Fig.6 Turbulent kinetic energy profiles for developing flow, using
1D in 2directions at 10D downstream, L=10D. Equations solved using iterative technique
Fig. 7 Turbulent kinetic energy profiles for developing flow,
Equations solved in one matrix using 1D in 2directions at
10D downstream, L=10D
5 Conclusions
It has been approved that, the use of empirical universal laws technique is not be acceptable any longer for both developing or fully developed turbulent flow, since these laws are only really applicable for certain unidimensional flow regimes. Also, the use of the conventional finite element when the 2D elements of the main domain were the extended up to the wall proved not economically viable because it needs an excessive refinement to extend the main domain.

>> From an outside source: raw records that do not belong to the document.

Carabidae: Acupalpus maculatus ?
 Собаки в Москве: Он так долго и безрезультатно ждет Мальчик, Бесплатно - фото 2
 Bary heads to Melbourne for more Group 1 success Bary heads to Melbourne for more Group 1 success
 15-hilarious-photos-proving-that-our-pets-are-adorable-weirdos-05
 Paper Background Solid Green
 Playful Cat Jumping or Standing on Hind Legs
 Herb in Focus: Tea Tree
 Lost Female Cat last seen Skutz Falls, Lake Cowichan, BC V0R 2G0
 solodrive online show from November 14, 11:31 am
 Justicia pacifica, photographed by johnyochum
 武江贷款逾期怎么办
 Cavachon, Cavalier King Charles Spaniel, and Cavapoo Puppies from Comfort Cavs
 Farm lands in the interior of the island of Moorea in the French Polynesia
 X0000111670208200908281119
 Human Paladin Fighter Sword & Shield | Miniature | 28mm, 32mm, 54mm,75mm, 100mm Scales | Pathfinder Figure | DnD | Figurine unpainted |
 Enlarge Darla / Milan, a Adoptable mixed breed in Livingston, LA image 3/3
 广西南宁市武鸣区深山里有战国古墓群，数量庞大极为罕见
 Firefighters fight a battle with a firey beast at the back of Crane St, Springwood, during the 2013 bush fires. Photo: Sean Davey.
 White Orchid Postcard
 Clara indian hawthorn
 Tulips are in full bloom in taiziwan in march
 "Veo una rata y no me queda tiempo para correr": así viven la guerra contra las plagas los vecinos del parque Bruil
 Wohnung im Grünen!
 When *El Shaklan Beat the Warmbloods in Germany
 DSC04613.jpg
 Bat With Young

The accuracy of adopted wall element technique when used in one direction normal to the wall proved to be superior to pervious techniques for fully developed turbulent flow, since each 1D string of elements is analyzed individually, this saved computer memory and time required. However, this is not the case for developing turbulent flow since the assumption of unidirectional flow is unacceptable. Whilst, the use of 1D elements in two directions based on the use of the finite element methods has been has been applied successfully for developing turbulent flow in extended near wall zone, and shows excellent results. Also, the use of coupled method was better than the iterative method when the near wall zone was extended. This applies to both developing and fully developed flow. However, for low Y+ values the uncoupled method was still applicable.